Jones v. Georgia/Opinion of the Court
The motion for leave to proceed in forma pauperis and the petition for a writ of certiorari are granted.
Petitioner appealed his conviction for murder to the Georgia Supreme Court where he sought reversal on the ground, among others, that the evidence relevant to his claim of systematic exclusion of Negroes from the grand and petit juries drawn in the county established a prima facie case of the denial of equal protection within our decision in Whitus v. State of Georgia, 385 U.S. 545, 87 S.Ct. 643, 17 L.Ed.2d 599. The Georgia Supreme Court affirmed the conviction stating that Whitus was distinguishable because 'public officers are presumed to have discharged their sworn official duties. * * * Under the testimony in this case we cannot assume that the jury commissioners did not eliminate prospective jurors on the basis of their competency to serve, rather than because of racial discrimination.' 223 Ga. 157, 162, 154 S.E.2d 228, 232.
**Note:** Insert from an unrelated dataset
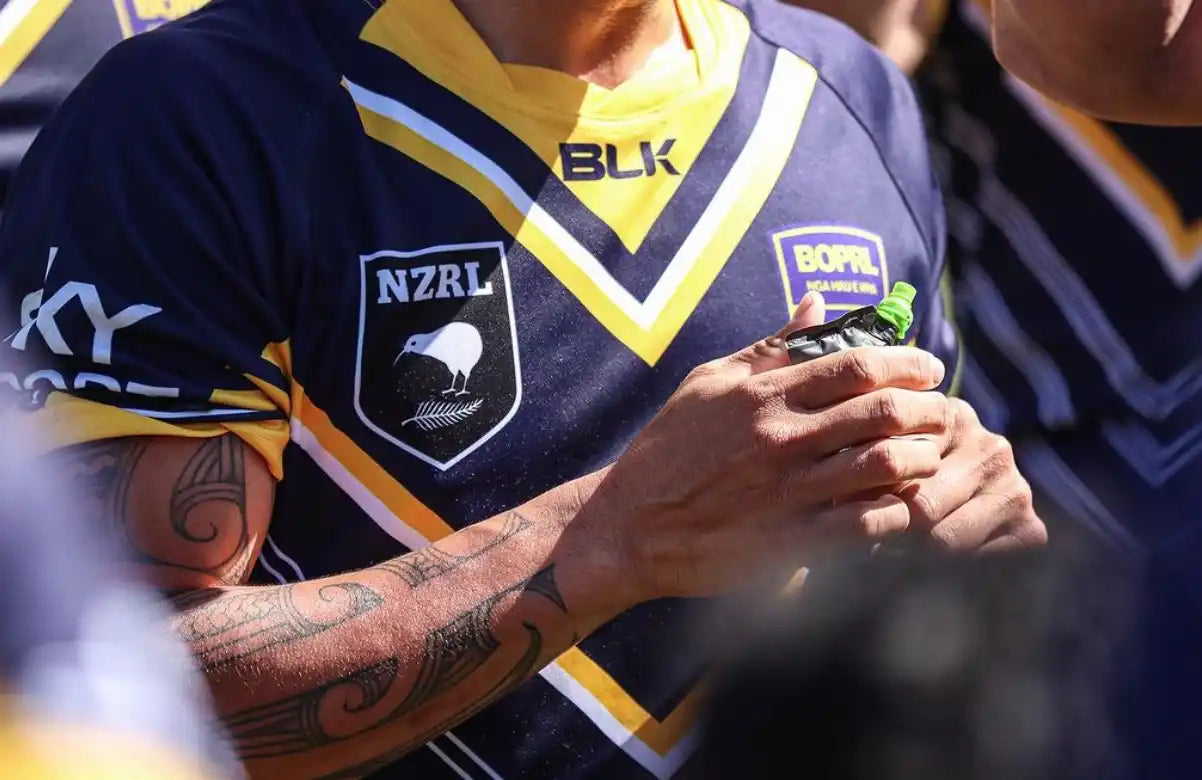 Navy and gold rugby jersey.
We hold that the burden upon the State to explain 'the disparity between the percentage of Negroes on the tax digest and those on the venires,' Whitus, supra, 385 U.S. at 552, 87 S.Ct. at 647, was not met by the Georgia Supreme Court's reliance on the stated presumptions. See Arnold v. North Carolina, 376 U.S. 773, 84 S.Ct. 1032, 12 L.Ed.2d 77; Eubanks v. State of Louisiana, 356 U.S. 584, 78 S.Ct. 970, 2 L.Ed.2d 991; Williams v. State of Georgia, 349 U.S. 375, 75 S.Ct. 814, 99 L.Ed. 1161; Avery v. State of Georgia, 345 U.S. 559, 73 S.Ct. 891, 97 L.Ed. 1244; Cassell v. State of Texas, 339 U.S. 282, 70 S.Ct. 629, 94 L.Ed. 839; Norris v. State of Alabama, 294 U.S. 587, 55 S.Ct. 579, 79 L.Ed. 1074. We therefore reverse the judgment of the Georgia Supreme Court and remand for further proceedings not inconsistent with our opinion.
It is so ordered.
Reversed and remanded.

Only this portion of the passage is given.